Event
CS Machine Learning Seminar: PlexTowards Reliability using Pretrained Large Model Extensions
Tuesday, September 20, 2022
3:30 p.m.
Online presentation
Soheil Feizi
sfeizi@umd.edu
https://umd.zoom.us/j/95197245230?pwd=cDRlVWRVeXBHcURGQkptSHpIS0VGdz09
CS Machine Learning Seminar
Plex: Towards Reliability using Pretrained Large Model Extensions
Balaji Lakshminarayanan
Google Brain
https://umd.zoom.us/j/95197245230?pwd=cDRlVWRVeXBHcURGQkptSHpIS0VGdz09
A recent trend in artificial intelligence is the use of pretrained models for language and vision tasks, which have achieved extraordinary performance but also puzzling failures.
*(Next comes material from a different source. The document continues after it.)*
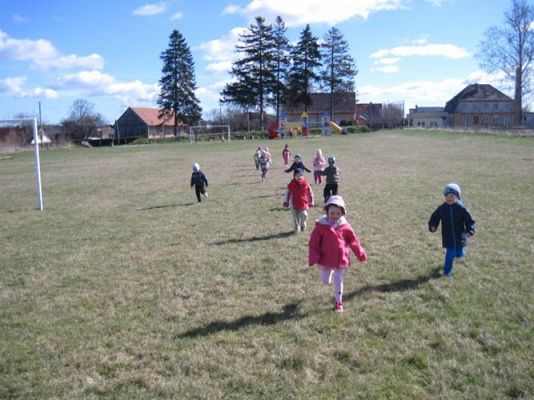 Grafika #24: 01.04.2014 - Maluszki na placu zabaw w Białogardzie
Probing these models' abilities in diverse ways is therefore critical to the field. I will talk about our recent work exploring the reliability of models, where we define a reliable model as one that not only achieves strong predictive performance but also performs well consistently over many decision-making tasks involving uncertainty (e.g., selective prediction, open set recognition, calibration under shift), robust generalization (e.g., accuracy and log-likelihood on in- and out-of-distribution datasets), and adaptation (e.g., active learning, few-shot uncertainty). Plex builds on our work on scalable building blocks for probabilistic deep learning such as Gaussian process last-layer and efficient variants of deep ensembles. We show that Plex improves the state-of-the-art across reliability tasks, and simplifies the traditional protocol as it improves the out-of-the-box performance and does not require designing scores or tuning the model for each task.
Bio
Balaji Lakshminarayanan is a staff research scientist at Google Brain. His recent research is focused on probabilistic deep learning, specifically, uncertainty estimation, out-of-distribution robustness and applications. Before joining Google Brain, he was a research scientist at DeepMind. He received his PhD from the Gatsby Unit, University College London where he worked with Yee Whye Teh. He has co-organized several workshops on "Uncertainty and Robustness in deep learning" and served as Area Chair for NeurIPS, ICML, ICLR and AISTATS.